Motion control is essential in any application where accurate and fast movements take place, or where motional disturbances should actively be attenuated. Important examples include positioning a product in a manufacturing line, printing on a sheet of paper, lithographic imaging processes, as well as precision scientific instruments such as atomic force microscopes or astronomical instruments. In this course, you will learn how to perfectly tune such a motion control system in a couple of minutes.
To this end, you will learn both the application aspects of mechanical systems, as well as the required theoretical foundations, where Nyquist and Bode diagrams are demystified. The course consists of alternated sessions of theory and application to a motion system, where you will immediately be able to apply and test your newly developed knowledge in practice.

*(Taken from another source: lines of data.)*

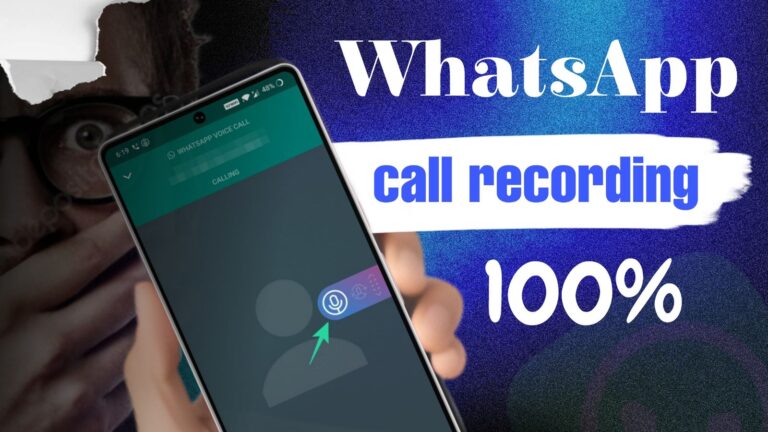 How To Record Whatsapp Call WhatsAap call kaise record kare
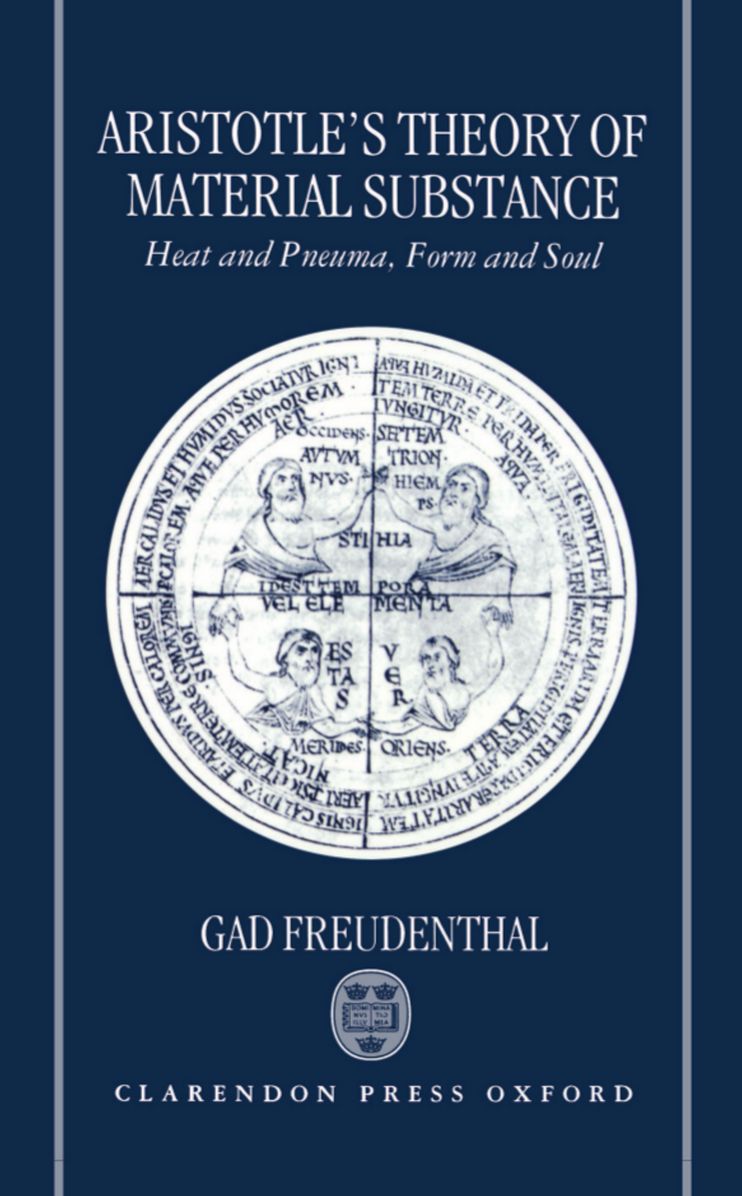 Aristotle's Theory of Material Substance: Heat and Pneuma, Form and Soul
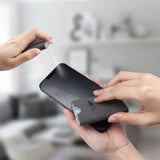 Nettoyant pour écran 2 en 1 et chiffon en microfibre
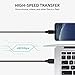 AUKEY USB C Cable 6ft Fast Charge, [2 Pack] Durable & Flexible Type C Charger Cable for Samsung Galaxy Note 9 S9 Note 8 S8 S8+, LG V30 V20 G6 G5, HTC U11/10 and More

The course content includes the fast identification of frequency response function models in closed-loop, and appreciate their usefulness by comparing these with time domain approaches. You will be able to interpret these frequency response functions and link them to the physical behavior of the mechanical system, where collocated and non-collocated actuators and sensors are a key aspect. The next aspect is to use these frequency response function models for designing controllers. You will learn to tune PID (proportional-integral-derivative) filters, as well as notch and low-pass filters. Frequency domain techniques are used to specify requirements and assessing closed-loop stability, for which you will learn how to use Bode diagrams and Nyquist plots. Your newly developed skills will be directly tested in the loop-shaping game, where you are challenged to tune for the highest performance and compete with the other attendees of the course. In the final part of the course, the performance limitations are further investigated, and further appreciation is given to the collocated and non-collocated control situation. Furthermore, the feedback controller you have designed is complemented with a feedforward controller. Again, a systematic tuning procedure is developed in the same spirit: it allows you to perfectly tune the feedforward controller in a few minutes. In the final session, an outlook is given on extensions, including multivariable feedback loops and learning techniques for automated tuning.